Indonesia No Longer Co-Producer for Korea's KF-21 Fighter Jet
Jakarta. Indonesia has confirmed that it would no longer co-produce South Korea’s KF-21 fighter jet in favor of directly procuring the aircraft from Seoul, after years of uncertainties hanging over the defense project.
About a decade ago, both countries shook hands on jointly developing the KF-21 twin-engine aircraft. The project is reportedly worth 8.1 trillion won (almost $5.3 billion), with Jakarta only taking over not even a quarter of the burden. Aside from Jakarta’s missed payment deadlines, the data theft case against an Indonesian engineer had set turbulences in the journey. Defense Ministry spokesman Rico Ricardo Sirait revealed that there were sweeping changes to the deal in question.

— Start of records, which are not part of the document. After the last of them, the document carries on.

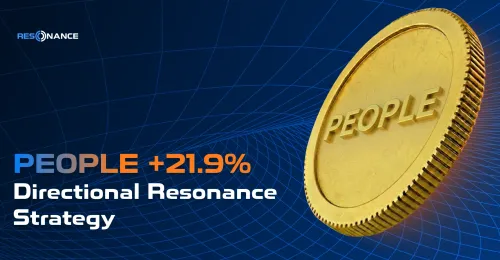 PEOPLE +21.9% (Resonance Directional Strategy)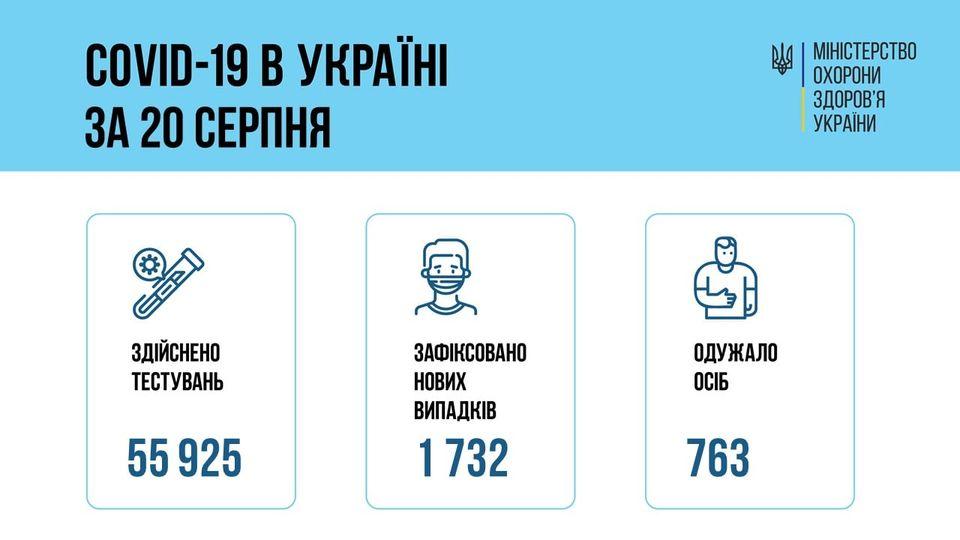 За добу виявили більше 1700 нових випадків коронавірусної хвороби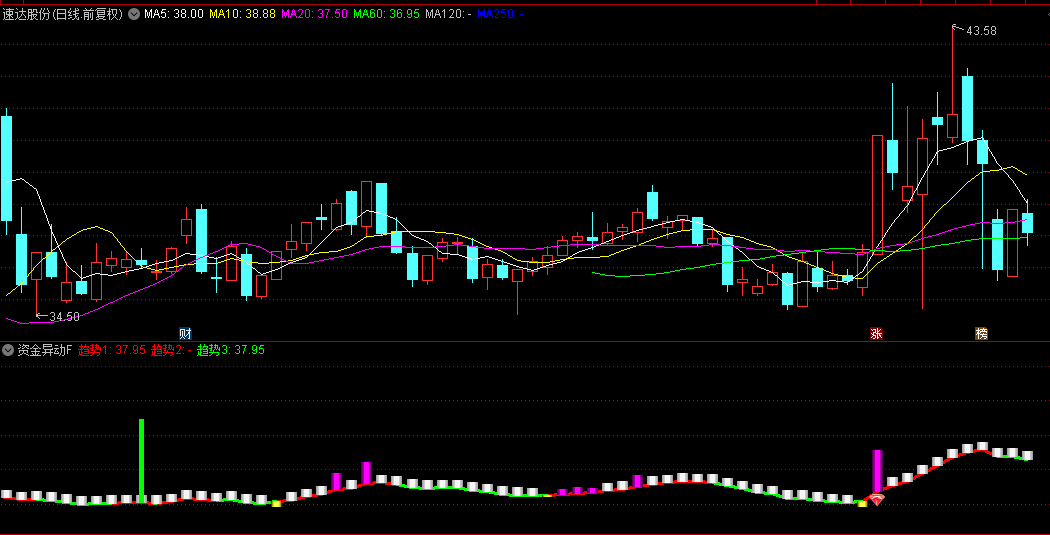 【资金异动】副图+选股指标，资金开始悄悄介入，建仓绝佳时机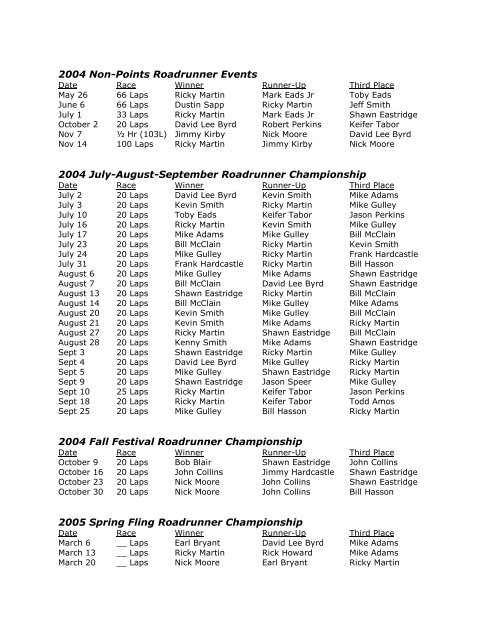 Feature Podium Results - Indianapolis Speedrome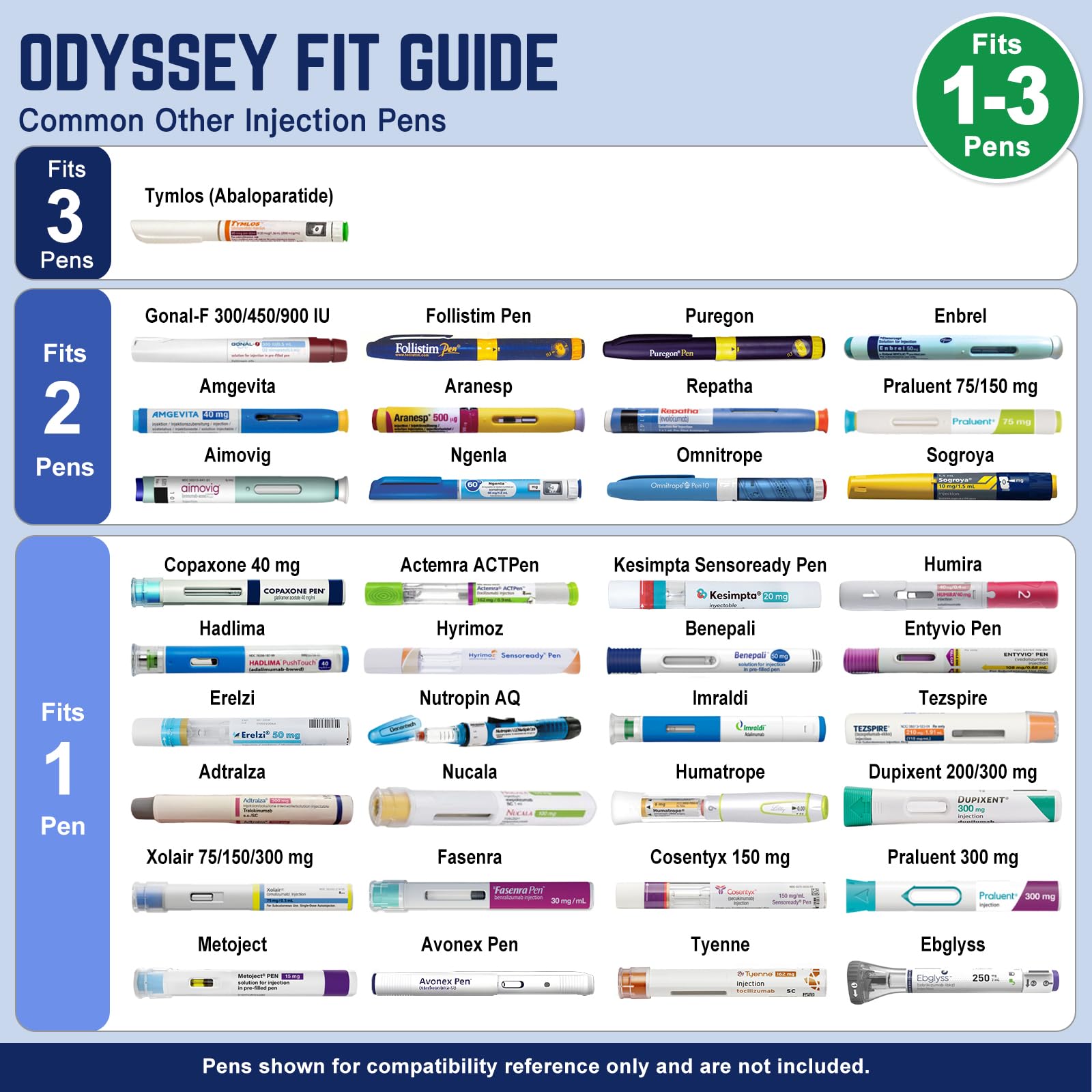 DISONCARE Odyssey held in hand for size comparison showing portability benefit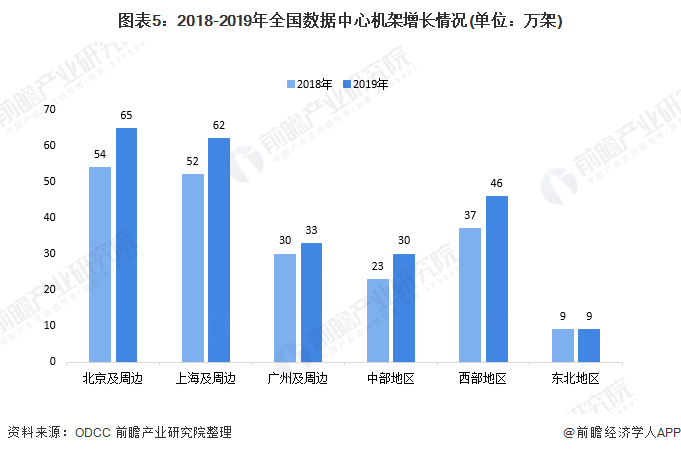 图表5：2018-2019年全国数据中心机架增长情况(单位：万架)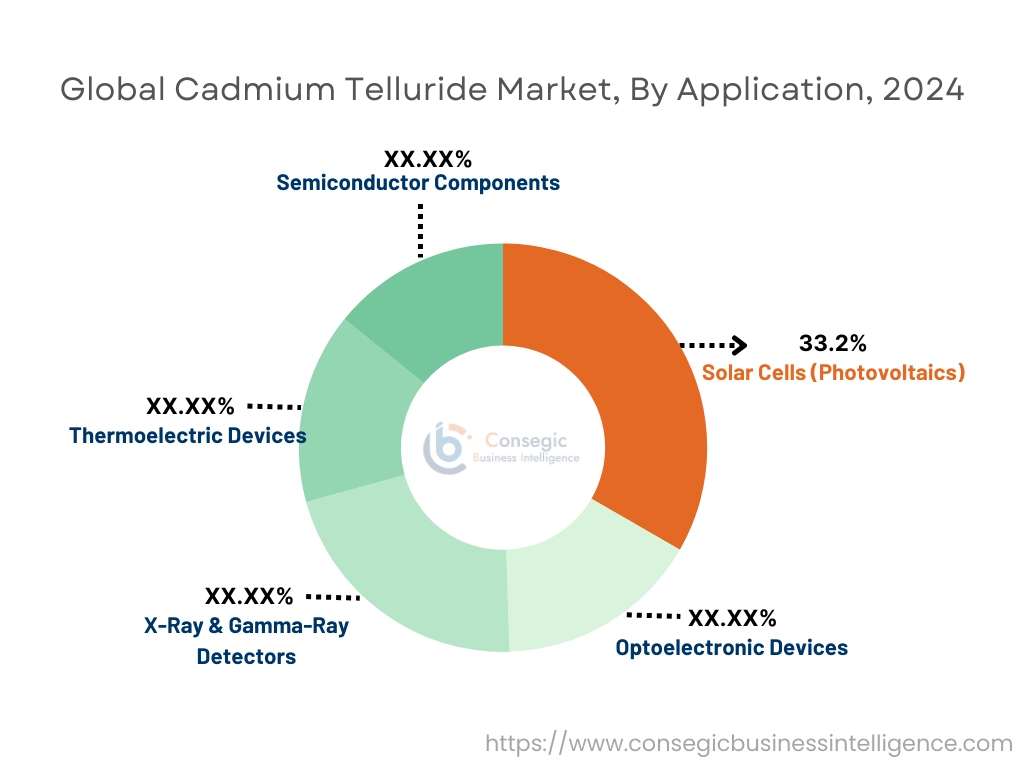 Cadmium Telluride Market By Application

“The government is adjusting the scheme in the KF-21 Boramae program. We will no longer co-produce the jet, but we will adopt a direct procurement mechanism,” Rico told the Jakarta Globe via text on Monday.
He went on to say that Jakarta had made a “comprehensive evaluation” before making the decision. Indonesia had factored in the program’s effectiveness, technology transfer, economic value, and domestic defense needs. Rico also admitted that Indonesia had not decided on how many KF-21 jets it would buy under the new mechanism.
“Everything is still under assessment. We will adjust the [purchase] depending on the Indonesian Air Force’s operational needs and our country's spending capacity,” Rico said.
The sudden reversal came after a joint statement in early April indicated positive progress in the KF-21 project.
The 29-point statement gave details on what South Korean President Lee Jae Myung and his Indonesian counterpart Prabowo Subianto had discussed at the latter’s Seoul trip. The document wrote that both leaders had “noted with satisfaction” that the KF-21 development is “scheduled for completion in June 2026”. They also refreshed their commitment to the KF-21 cooperation, while signaling plans to expand to trainer aircraft and anti-tank guided missile systems.
In 2025, South Korea announced to have reached a deal to slash Indonesia’s contribution in the project to 600 billion won (now almost $389 million). This marks a major drop from the initially agreed 1.6 trillion won (around $1 billion). But a lighter financial burden means reductions to the technology transfer, reports have shown. Korea Aerospace Industries (KAI) is taking the lead with the aircraft manufacturer Dirgantara Indonesia (PTDI) sitting as the junior partner.
Beefing up the country’s airpower has long been on Prabowo’s wish list.
Indonesia’s annual budget allocation for overall defense purposes comes in at Rp 337 trillion (about $18.9 billion) in 2026. The Defense Ministry gets approximately Rp 187.1 trillion (almost $10.5 billion), and around Rp 83.5 trillion (nearly $4.7 billion) goes to military upgrades.